O gol
Essa é a história de um velho que vive em um apartamento com um gato. Ele está sentado numa poltrona, com um pedaço de papel na mão. Algo muito importante, algo que ele não pode esquecer, está escrito nesse papel. O velho confere a hora no relógio.
Toca a campainha.
Ele sabe que é uma coisa importante,
uma coisa que ele não pode esquecer. Olha para o papel e, quando ia se lembrar
de levantar da poltrona, lembra-se do gol.

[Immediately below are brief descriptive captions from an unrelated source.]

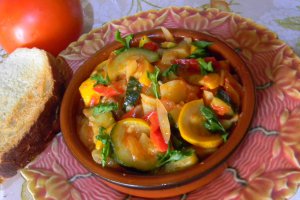 Ghiveci cu zucchini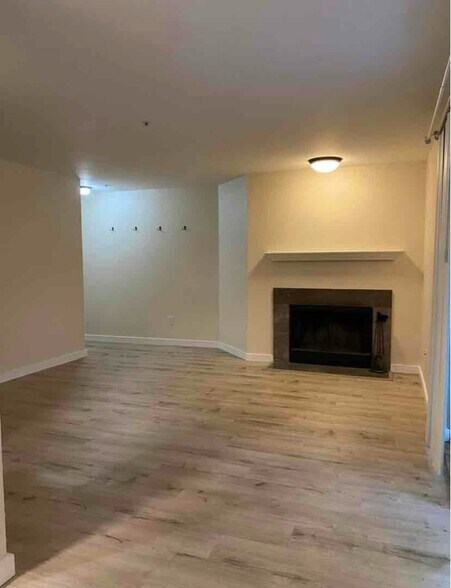 Building Photo - 7453 Newcastle Golf Club Rd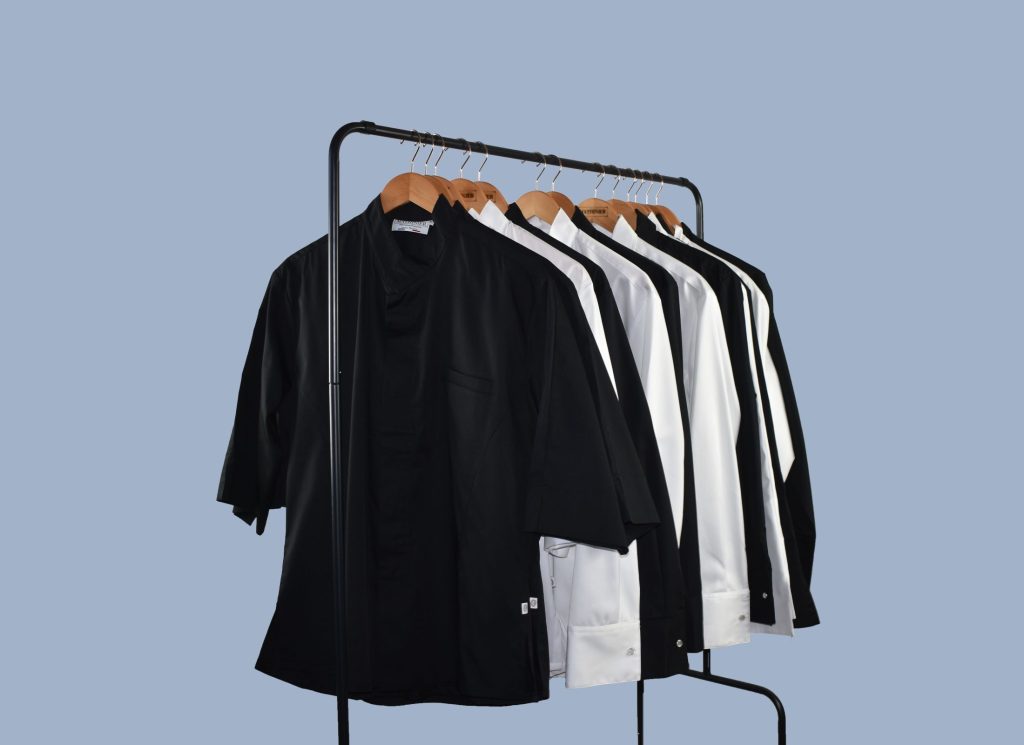 MATHINIER _ Photo de vestes chef sur portant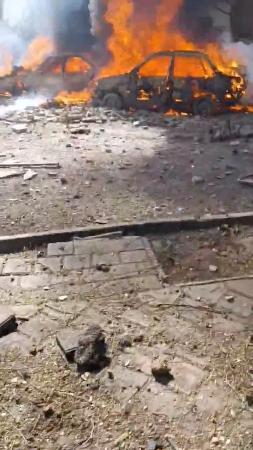 　イランの首都テヘランで炎上する車両＝２８日（ソーシャルメディアから、ロイター＝共同）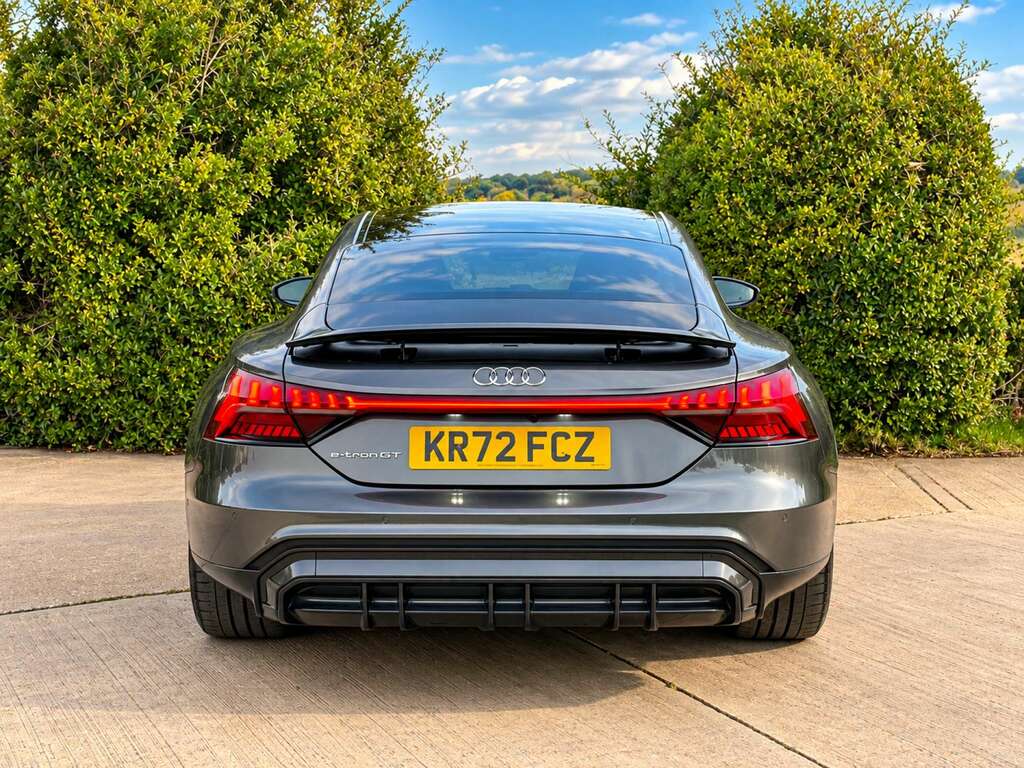 Audi E Tron GT E-tron Gt Quattro 4Wd Grey #4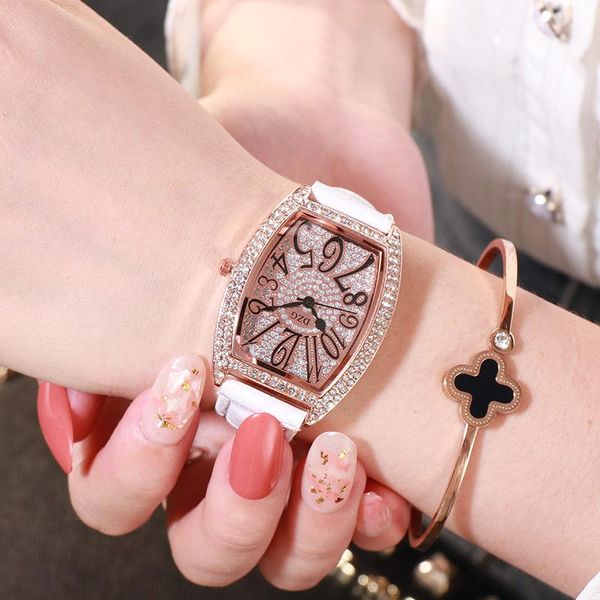 fashion luxury starry sky crystal women watches ladies leather quartz watch female wristwatches relogio feminino zegarki damskie, Slivery;brown
fashion luxury starry sky crystal women watches ladies leather quartz watch female wristwatches relogio feminino zegarki damskie, Slivery;brown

O estádio está cheio e o jogo
empatado. Está sozinho, bem aberto pela ponta. O armador lança a bola, que
domina com classe. Imediatamente vê a defesa fechando sobre ele.
Toca de novo a campainha.
Não se lembra como, mas já está de
cara para o gol, com dois zagueiros pela frente e o lateral correndo ao seu
lado.
E, inevitavelmente, toca a campainha.
Ele só pensa no gol. O goleiro surge
à sua frente, fechando o ângulo. Bate embaixo da bola, que o encobre, faz a
curva perfeita e vai caindo, caindo...
Inexoravelmente, toca a campainha.
A bola bate na trave, cai sobre a
linha, toma o efeito contrário e entra.
Gol.
A torcida enlouquece. É o gol do
campeonato. Beija o escudo do Nacional e corre para abraçar os companheiros.
Olha para o relógio.
O relógio está errado. Marca uma hora
que ele não consegue ler. O gato o atormenta o tempo todo, não quer que ele se
esqueça de nada. Quando isso acontece, o gato adianta o relógio. Agora o gato
estragou o relógio.
A campainha não toca mais.
Olha para o pedaço de papel, onde
está escrito uma coisa que ele não pode esquecer. O papel está errado, rabiscado
com uma letra que ele não consegue entender. O gato estragou o papel.
Mas o gato não sabe que ele se lembra
do gol. Isso ele não esquece.
Uma história aparentemente trivial, salvo pelo imponderável - ele nunca foi jogador.
Uma história aparentemente trivial, salvo pelo imponderável - ele nunca foi jogador.